As an urban planner, I have the legacy of urban renewal rubbed in my face all the time. As I tell students, planners did the wrong thing with urban renewal–we sided with power and institutions rather than neighborhoods–and it takes time to rebuild trust and legitimacy. Urban renewal was a long time ago. I wasn’t even born yet, and neither were any of my young planners.
But the legacy remains. Harm lingers.
One of the basic aspects of privilege is that it allows you excuse your own wrongs. Power creates its own rationality.
I hesitate to even post on this editorial as it is obviously very personal to economists, and I don’t understand why students would sign up for a class and then boycott it at Harvard prices, but I’m getting tired of listening to Mankiw talk about how he and his fellow economists are, somehow, victims of “the liberals” here.
Is it really that the “occupy” students have a silly, unfocused agenda, or are Mankiw and his choir just not self-reflexive enough to get it?
A) Economics is the king of the social sciences. No other social science wields as much political influence, and it is that level of political influence that carries with it the requirements of self-reflexivity.
When was the last time a sociologist was appointed to head the Fed? How many lousy policies have been imposed through the World Bank or other powerful institutions based on the advice of economists, who never have to face the consequences of policies they routinely prescribe for other people?
For instance, a bit from Mankiw:
That is not to say that economists understand everything. The recent financial crisis, economic downturn and meager recovery are vivid reminders that we still have much to learn. Widening economic inequality is a real and troubling phenomenon, albeit one without an obvious explanation or easy solution. A prerequisite for being a good economist is an ample dose of humility.
Ok, so what Mankiw casts as a “learning moment”–the financial crisis and recession–are causing REAL HARM TO PEOPLE. Real people. Real suffering.
I hazard that people might be forgiven for asking what the hell good are you or your profession if you contribute to this harm, or if you can’t prevent this type of harm. They might not be right about blaming you. But they have a legitimate reason to mistrust you if you are willing to frame what feels like economic catastrophe–people losing homes they’ve saved their whole lives for, losing their retirement savings, etc—like a blip on your personal learning curve and them as rats in your grand experiment.
It’s one thing to pay lip service to humility. It’s another to actually demonstrate humility.
B) Mankiw was a part of the administration that passed the policy disaster known as the “Bush Era Tax Cuts”, the effects of which are now being used as a thinly veiled rationale to cut social programs like Medicare and privatize Social Security. (eek! Dr. S doesn’t think stupid tax cuts during a very expensive war are a good idea! Eek! She must be a class warrior!)
Some more insights from Mankiw of why the students are wrong:
As with much of the Occupy movement across the country, their complaints seemed to me to be a grab bag of anti-establishment platitudes without much hard-headed analysis or clear policy prescriptions. Ironically, the topic of the lecture that the protesters chose to boycott was economic inequality, including a discussion of recent trends and their causes.
So maybe he’s right, and it’s irony. Or maybe it’s that folks are annoyed about A and B, and Mankiw doesn’t have the reflexive capacity to understand his own profession’s impact.

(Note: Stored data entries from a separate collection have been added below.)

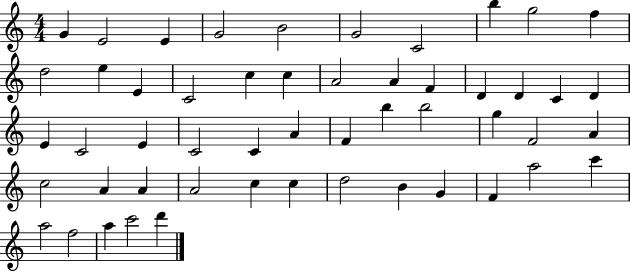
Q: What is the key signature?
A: C major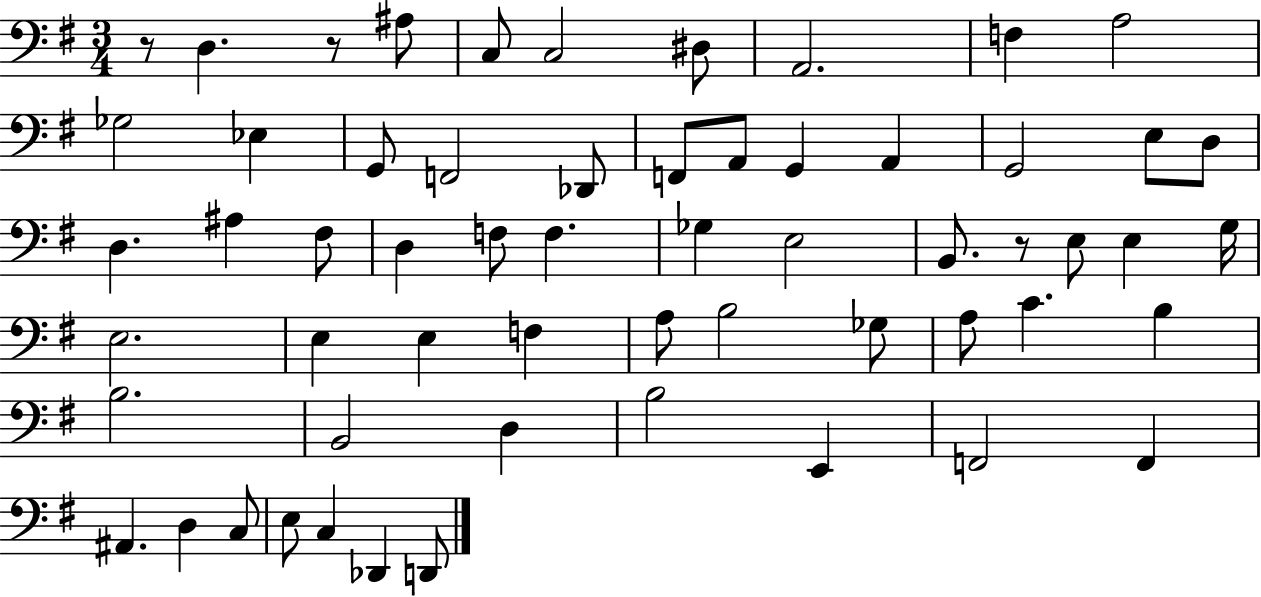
X:1
T:Untitled
M:3/4
L:1/4
K:G
z/2 D, z/2 ^A,/2 C,/2 C,2 ^D,/2 A,,2 F, A,2 _G,2 _E, G,,/2 F,,2 _D,,/2 F,,/2 A,,/2 G,, A,, G,,2 E,/2 D,/2 D, ^A, ^F,/2 D, F,/2 F, _G, E,2 B,,/2 z/2 E,/2 E, G,/4 E,2 E, E, F, A,/2 B,2 _G,/2 A,/2 C B, B,2 B,,2 D, B,2 E,, F,,2 F,, ^A,, D, C,/2 E,/2 C, _D,, D,,/2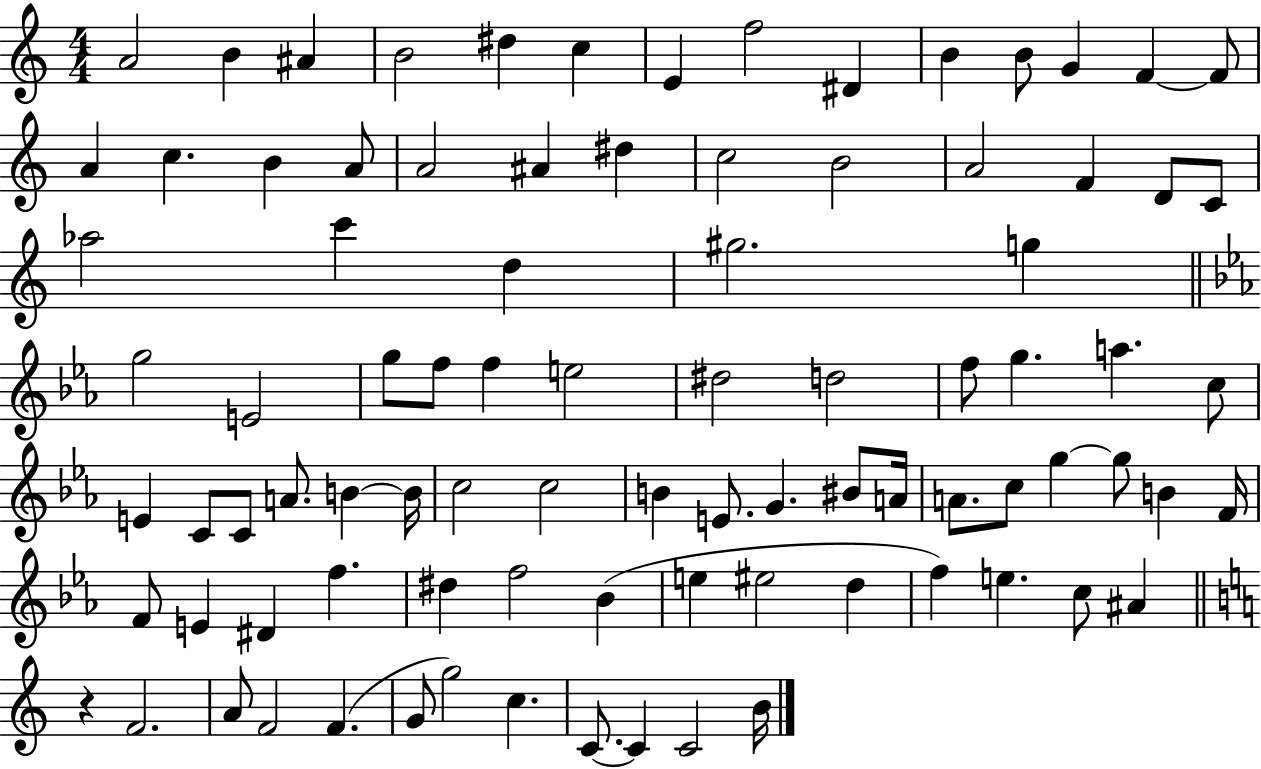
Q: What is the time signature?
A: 4/4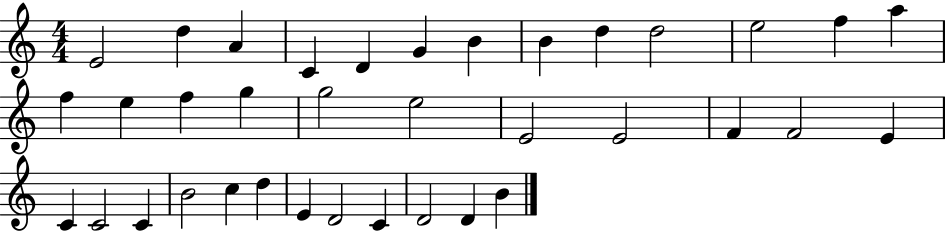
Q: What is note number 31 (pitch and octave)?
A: E4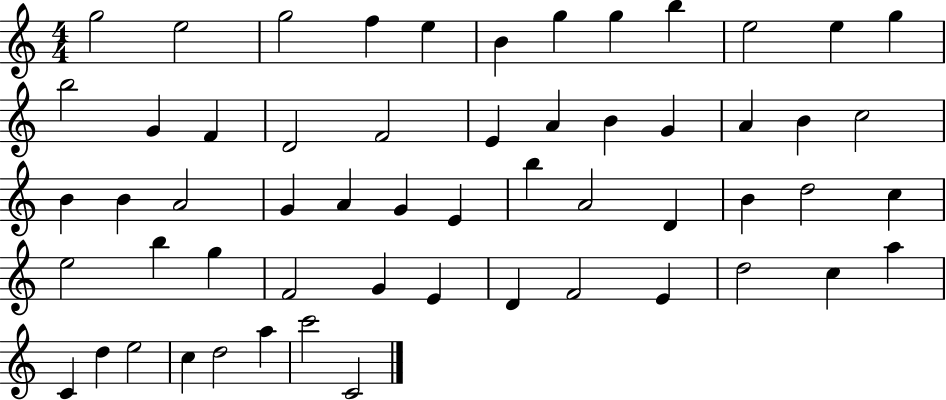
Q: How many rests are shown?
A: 0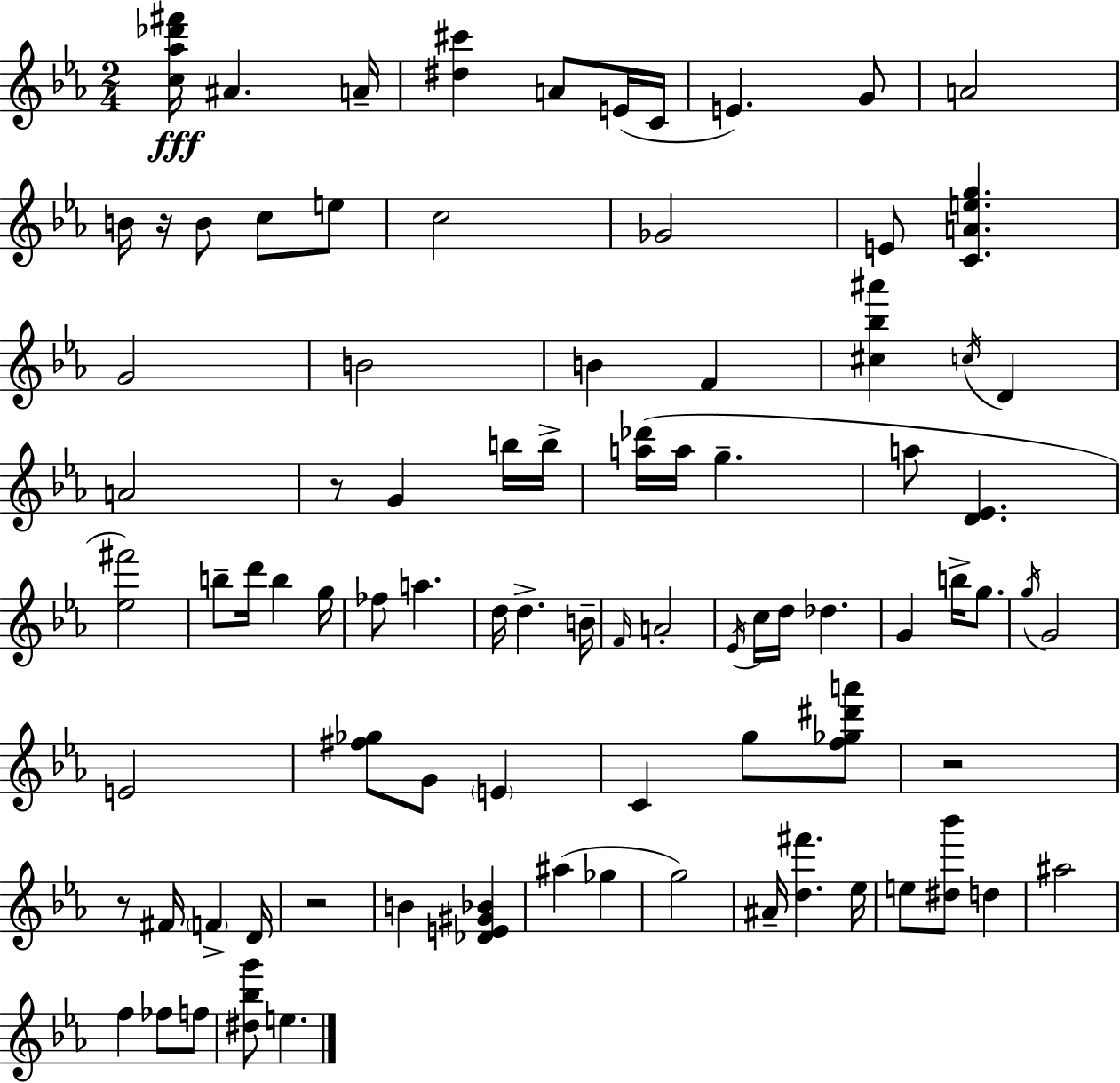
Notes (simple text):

[C5,Ab5,Db6,F#6]/s A#4/q. A4/s [D#5,C#6]/q A4/e E4/s C4/s E4/q. G4/e A4/h B4/s R/s B4/e C5/e E5/e C5/h Gb4/h E4/e [C4,A4,E5,G5]/q. G4/h B4/h B4/q F4/q [C#5,Bb5,A#6]/q C5/s D4/q A4/h R/e G4/q B5/s B5/s [A5,Db6]/s A5/s G5/q. A5/e [D4,Eb4]/q. [Eb5,F#6]/h B5/e D6/s B5/q G5/s FES5/e A5/q. D5/s D5/q. B4/s F4/s A4/h Eb4/s C5/s D5/s Db5/q. G4/q B5/s G5/e. G5/s G4/h E4/h [F#5,Gb5]/e G4/e E4/q C4/q G5/e [F5,Gb5,D#6,A6]/e R/h R/e F#4/s F4/q D4/s R/h B4/q [Db4,E4,G#4,Bb4]/q A#5/q Gb5/q G5/h A#4/s [D5,F#6]/q. Eb5/s E5/e [D#5,Bb6]/e D5/q A#5/h F5/q FES5/e F5/e [D#5,Bb5,G6]/e E5/q.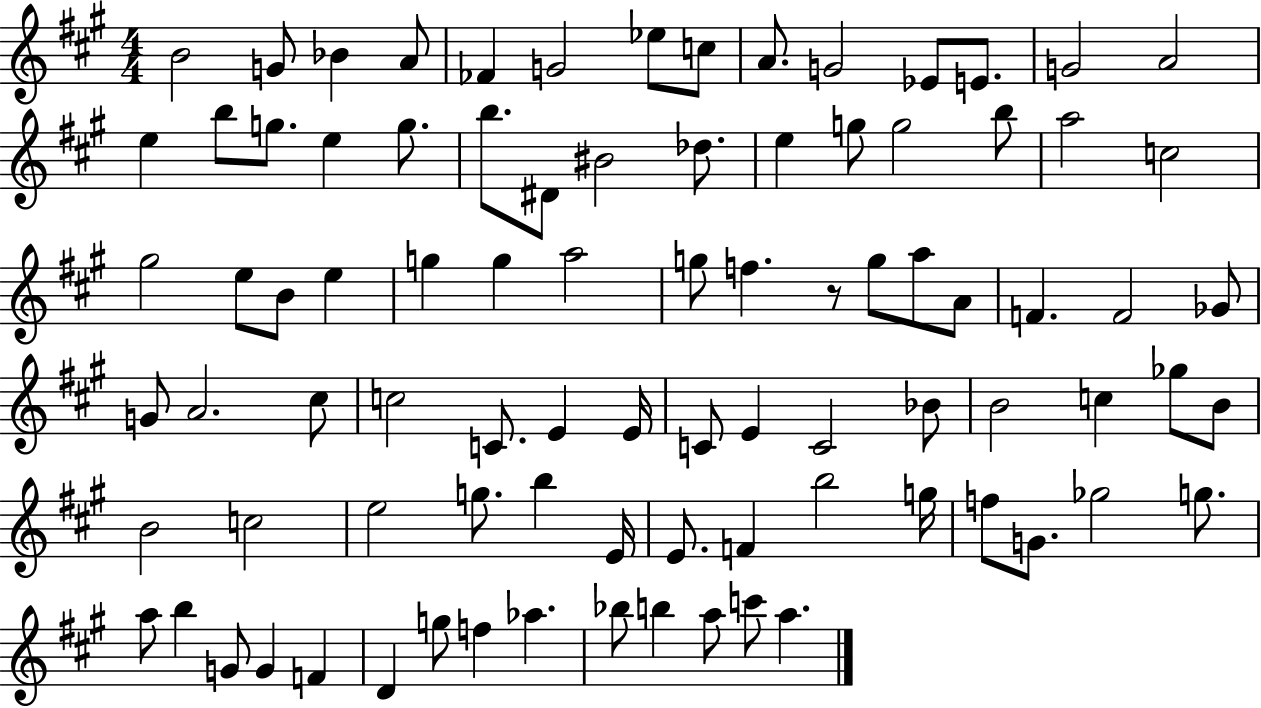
{
  \clef treble
  \numericTimeSignature
  \time 4/4
  \key a \major
  \repeat volta 2 { b'2 g'8 bes'4 a'8 | fes'4 g'2 ees''8 c''8 | a'8. g'2 ees'8 e'8. | g'2 a'2 | \break e''4 b''8 g''8. e''4 g''8. | b''8. dis'8 bis'2 des''8. | e''4 g''8 g''2 b''8 | a''2 c''2 | \break gis''2 e''8 b'8 e''4 | g''4 g''4 a''2 | g''8 f''4. r8 g''8 a''8 a'8 | f'4. f'2 ges'8 | \break g'8 a'2. cis''8 | c''2 c'8. e'4 e'16 | c'8 e'4 c'2 bes'8 | b'2 c''4 ges''8 b'8 | \break b'2 c''2 | e''2 g''8. b''4 e'16 | e'8. f'4 b''2 g''16 | f''8 g'8. ges''2 g''8. | \break a''8 b''4 g'8 g'4 f'4 | d'4 g''8 f''4 aes''4. | bes''8 b''4 a''8 c'''8 a''4. | } \bar "|."
}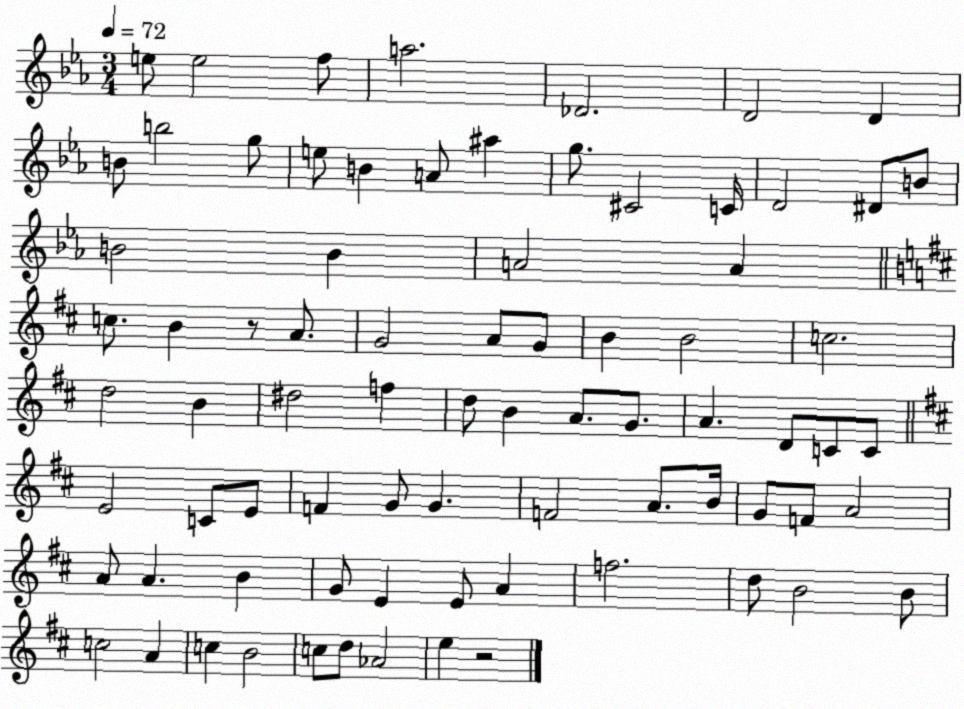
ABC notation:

X:1
T:Untitled
M:3/4
L:1/4
K:Eb
e/2 e2 f/2 a2 _D2 D2 D B/2 b2 g/2 e/2 B A/2 ^a g/2 ^C2 C/4 D2 ^D/2 B/2 B2 B A2 A c/2 B z/2 A/2 G2 A/2 G/2 B B2 c2 d2 B ^d2 f d/2 B A/2 G/2 A D/2 C/2 C/2 E2 C/2 E/2 F G/2 G F2 A/2 B/4 G/2 F/2 A2 A/2 A B G/2 E E/2 A f2 d/2 B2 B/2 c2 A c B2 c/2 d/2 _A2 e z2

At the risk of going super-geeky, with great power comes great responsibility. (Spiderman reference for those of you who actually went on dates in high school.) Leadership and power mean that you sometimes become the symbol of the harm your profession has exacted–whether it’s strictly “fair” to you or not.
When you say “yes” to the power and prestige that comes with being part of presidential administration or being a celebrated professor at Harvard, you also say “yes” to flack-catching for stuff that you may or may not have contributed to, but your profession has. It’s part of leadership.